[Exercise data Boundary: Start]
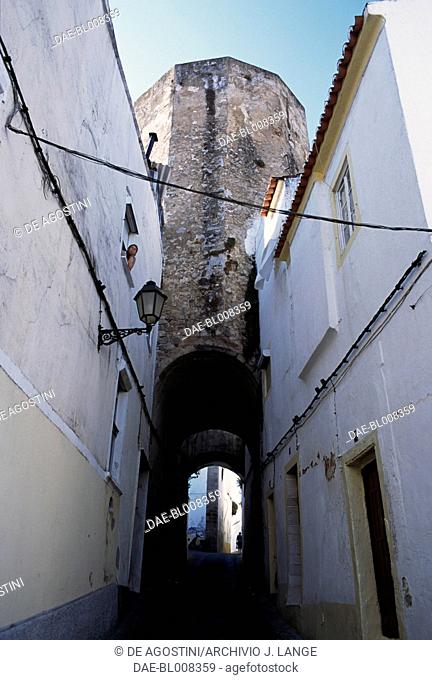 Tower of the fortifications in the city of Elvas (Unesco World Heritage List, 2012), Alentejo, Portugal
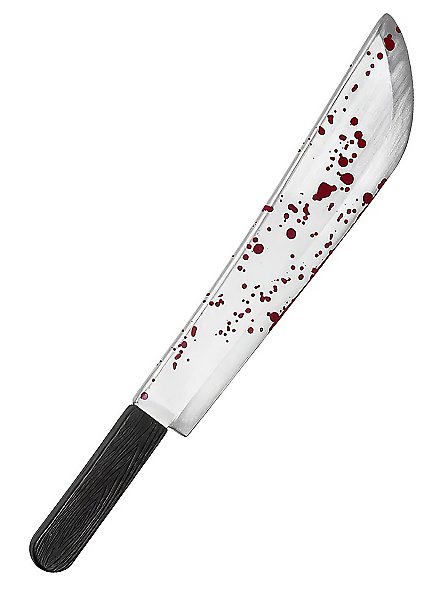 Kunstblut Machete aus Kunststoff
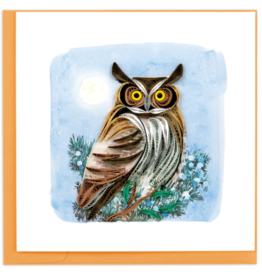 Vietnam Quilled Great Horned Owl Card, Vietnam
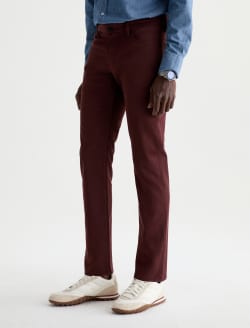 Tellis Commuter Performance Jazz Berry Airluxe™ Modern Slim MENS BOTTOMS Photo 6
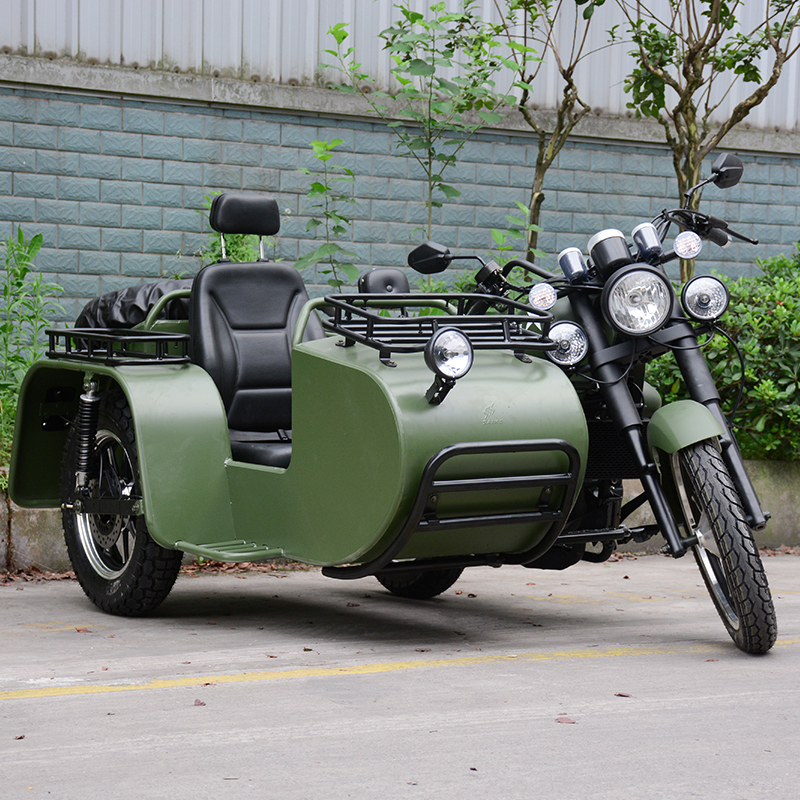 边三轮车侉子长途摩旅代步摩托车宗申300型水冷电喷全国上牌红色赛摩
[Exercise data Boundary: End]
Transcribe all entries above exactly. Drop the pictures.

 Tower of the fortifications in the city of Elvas (Unesco World Heritage List, 2012), Alentejo, Portugal
 Kunstblut Machete aus Kunststoff
 Vietnam Quilled Great Horned Owl Card, Vietnam
 Tellis Commuter Performance Jazz Berry Airluxe™ Modern Slim MENS BOTTOMS Photo 6
 边三轮车侉子长途摩旅代步摩托车宗申300型水冷电喷全国上牌红色赛摩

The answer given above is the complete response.